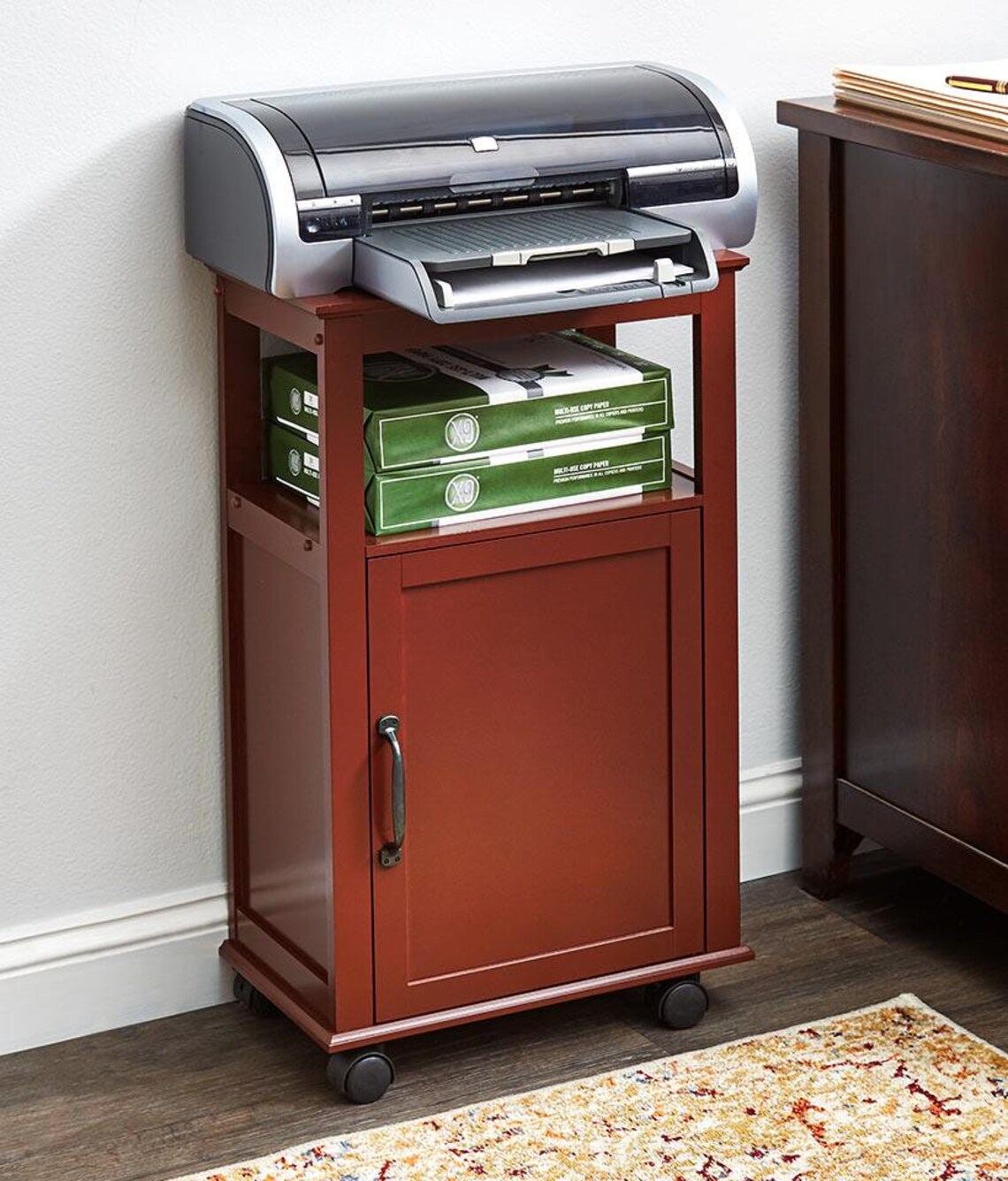 Rolling Printer Stands With A Shelf Paper And Etsy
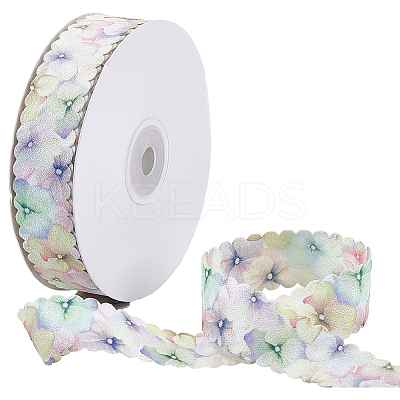 1Roll Single Face Printed Polyester Satin Ribbon SRIB-CY0001-47A-1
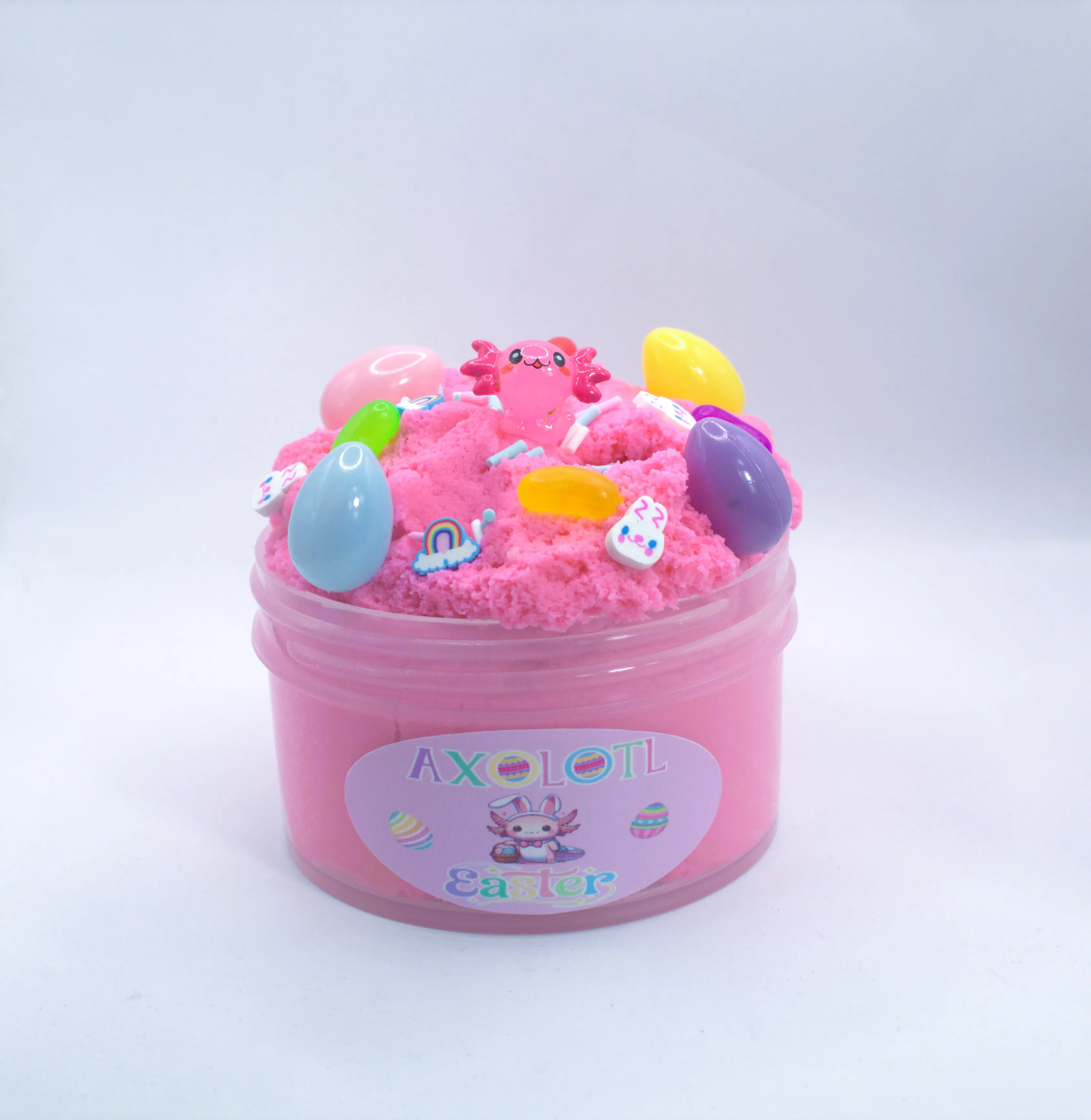 Axolotl Easter Cloud Slime ~ Scented Strawberry Shortcake ~ Fluffy and Soft ~ Easter Basket Gift ~ Good Vibes Slime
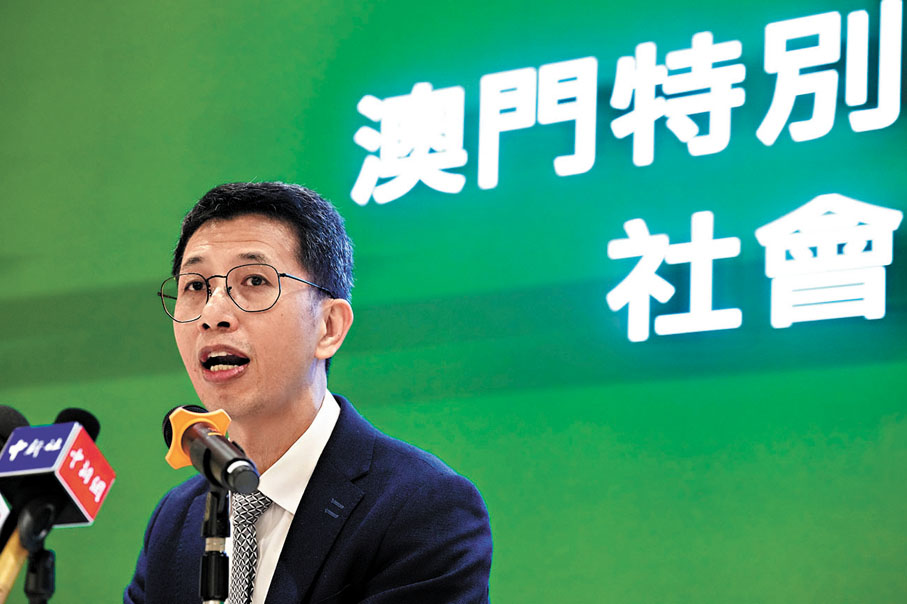 ●澳門社會工作局局長韓衛。大公文匯全媒體記者麥潤田  攝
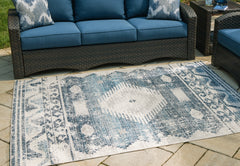 Best Furniture Outlet - Ashley Furniture - Daddridge Rug - 8' x 10' Rug / Blue/Gray/Ivory - R900101
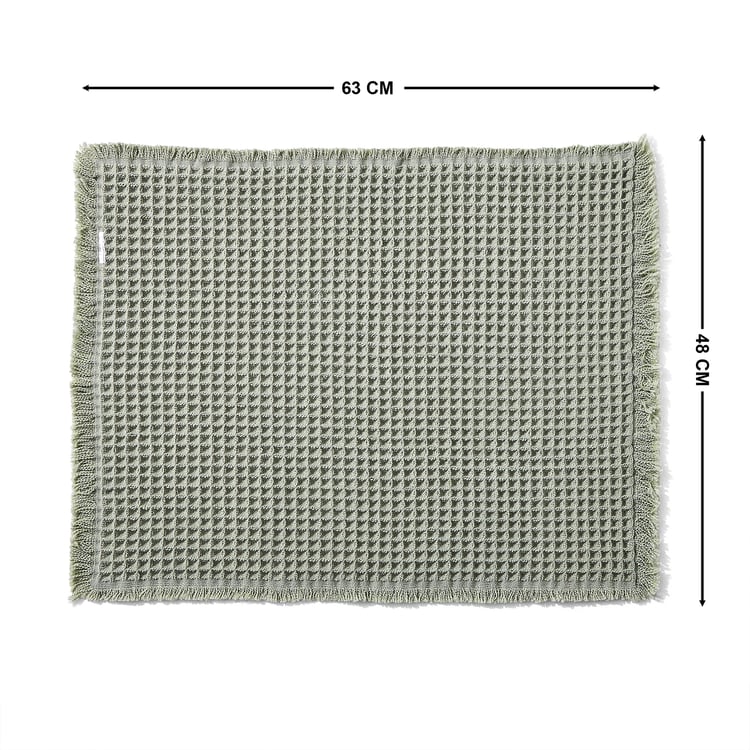Bask Waffle Anti-Slip Bath Mat - 63x48cm
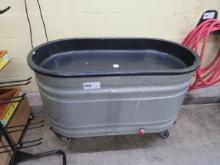 50-INCH ROLLING ICE-DOWN TUB WITH DRAIN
==============================
▶ WHAT IS BEING ASKED:
In your copy, include no pictures and only the lines from the line with "Bask Waffle Anti-Slip Bath Mat - 63x48cm" through the final line of the listing above, reproduced exactly.

▶ SOLUTION FOR THIS EXERCISE:
Bask Waffle Anti-Slip Bath Mat - 63x48cm
 50-INCH ROLLING ICE-DOWN TUB WITH DRAIN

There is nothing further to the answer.